● TASK DESCRIPTION
Could you write out, exactly as they stand, only the lines in the listing below from the line with "Vriksham Lakshmi With" to the line with "Lader du elsparkesykkelen", both ends included, without the pictures?

● RECORDS TO USE
:::

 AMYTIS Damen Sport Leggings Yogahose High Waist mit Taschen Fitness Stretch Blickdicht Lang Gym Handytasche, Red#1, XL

:::

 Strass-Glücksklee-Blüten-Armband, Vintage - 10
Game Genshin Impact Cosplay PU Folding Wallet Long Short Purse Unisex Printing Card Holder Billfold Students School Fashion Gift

:::

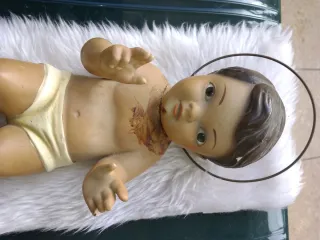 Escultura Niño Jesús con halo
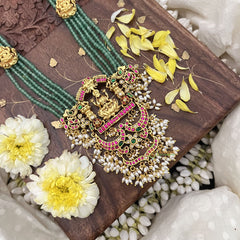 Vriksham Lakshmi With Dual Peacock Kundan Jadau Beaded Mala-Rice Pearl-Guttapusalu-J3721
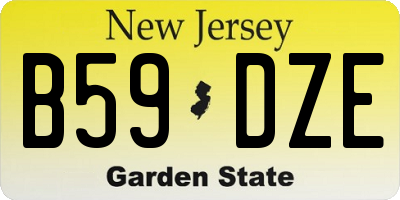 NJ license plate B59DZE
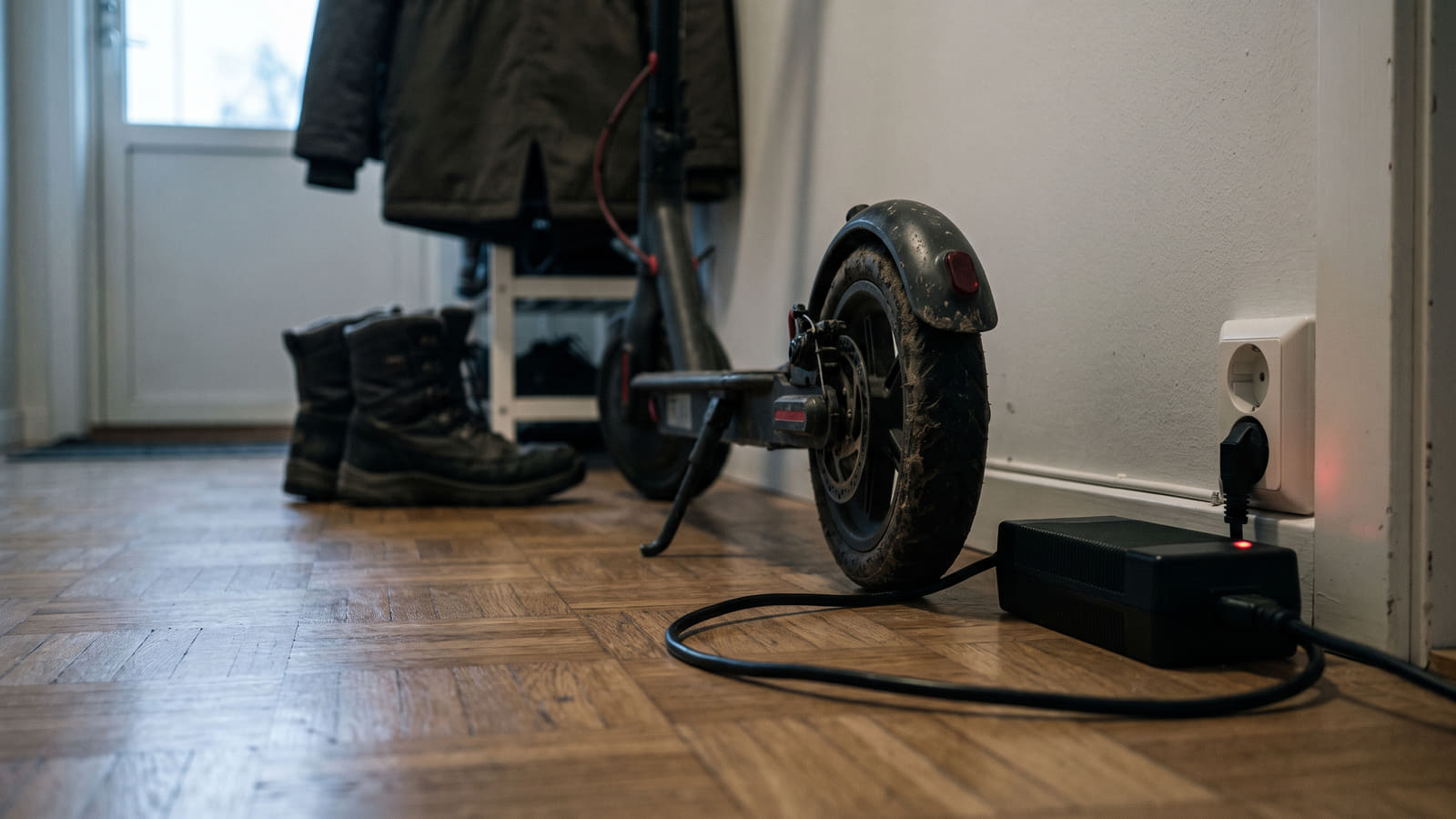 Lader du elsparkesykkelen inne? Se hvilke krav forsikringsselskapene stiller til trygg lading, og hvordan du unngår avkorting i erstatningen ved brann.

:::

● RESPONSE FOR THIS EXERCISE
 Vriksham Lakshmi With Dual Peacock Kundan Jadau Beaded Mala-Rice Pearl-Guttapusalu-J3721
 NJ license plate B59DZE
 Lader du elsparkesykkelen inne? Se hvilke krav forsikringsselskapene stiller til trygg lading, og hvordan du unngår avkorting i erstatningen ved brann.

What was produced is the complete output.